### Task objective
Repeat the listing that follows exactly. Pictures are not part of the copy.

### Dataset extract
■ ■ ■ ■

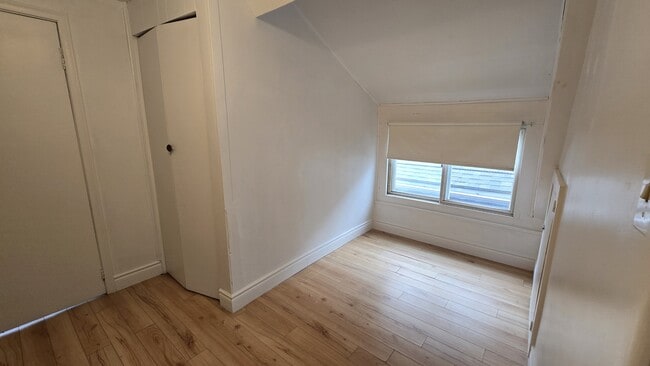 Photo - 30 Arthur Ave S Unit 4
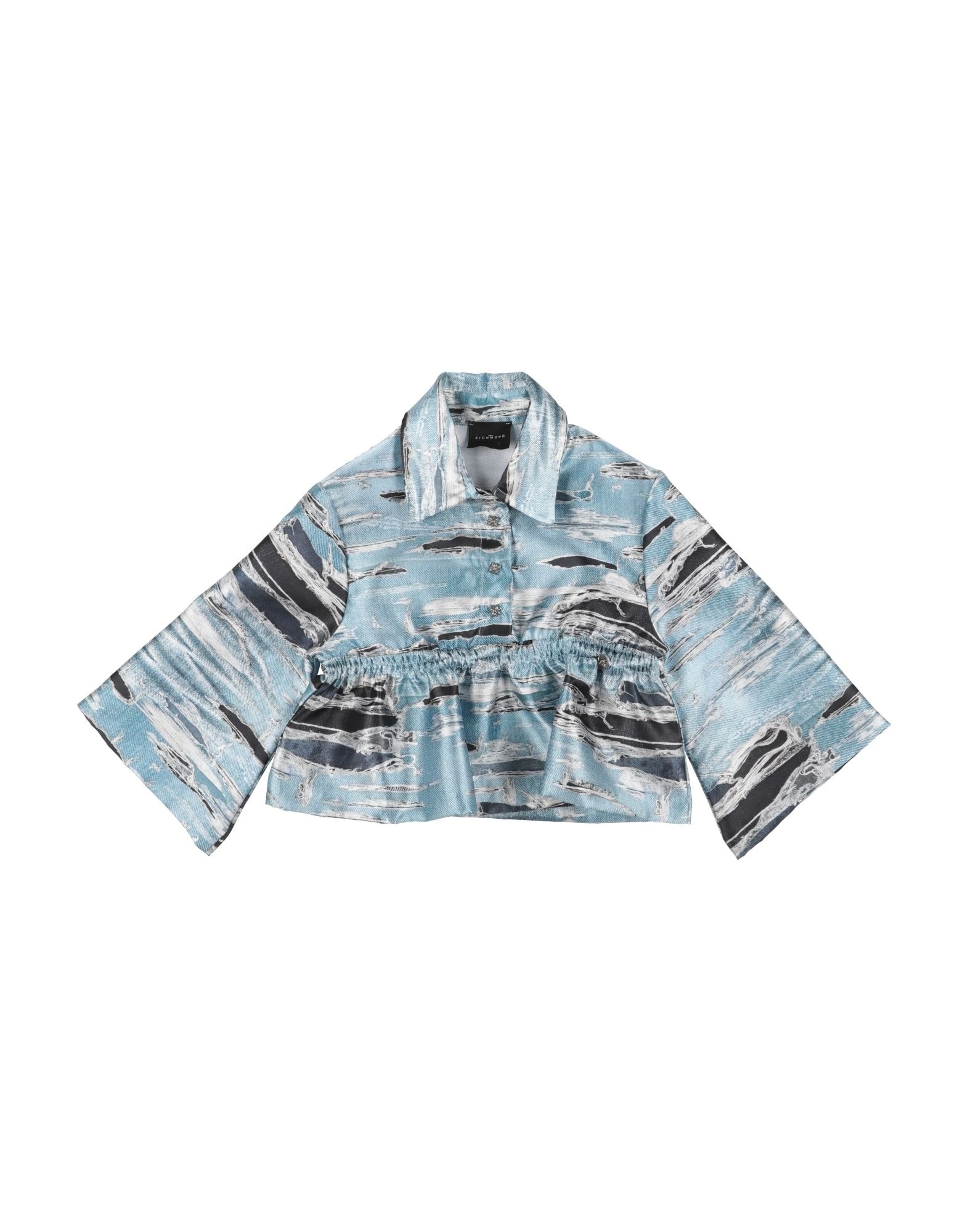 JOHN RICHMOND - Tops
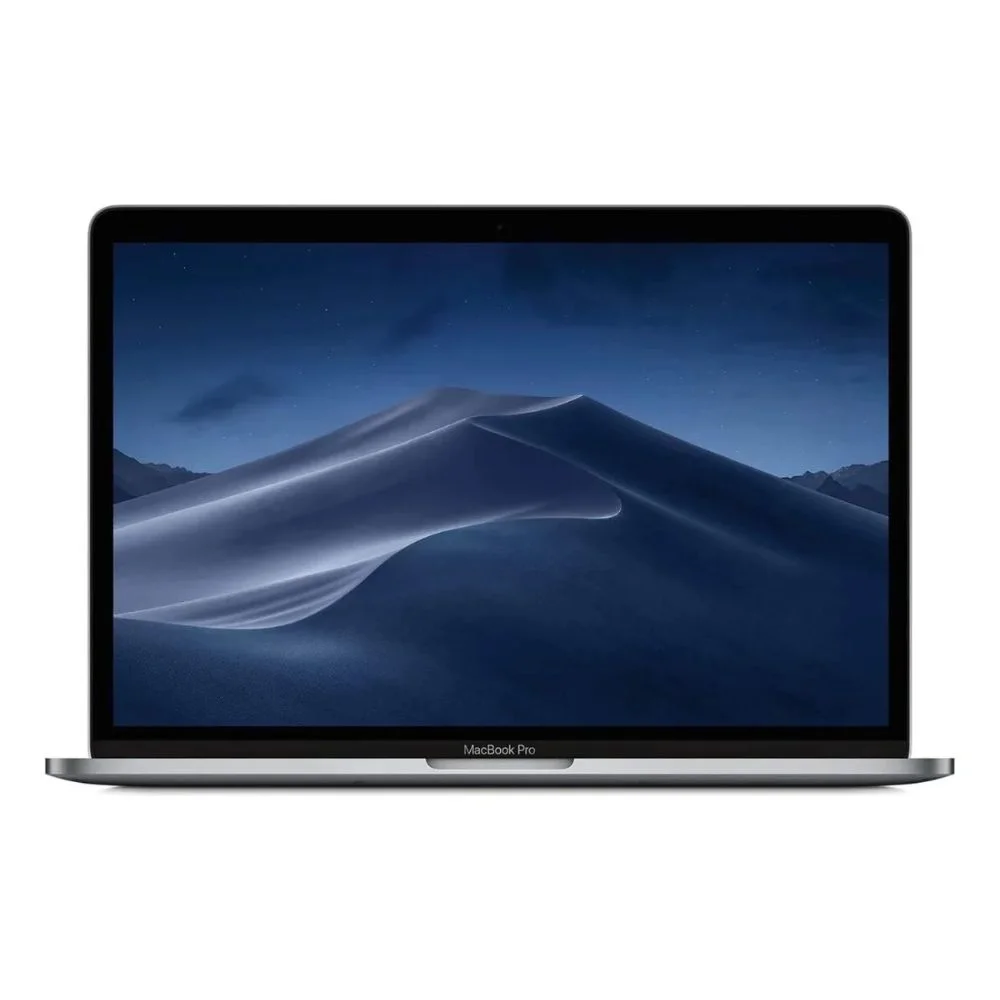 pro MacBook  clothing Retina 1-3uo7krrlot.jpg 15インチ MacBook本体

■ ■ ■ ■

### Task result
 Photo - 30 Arthur Ave S Unit 4
 JOHN RICHMOND - Tops
 pro MacBook  clothing Retina 1-3uo7krrlot.jpg 15インチ MacBook本体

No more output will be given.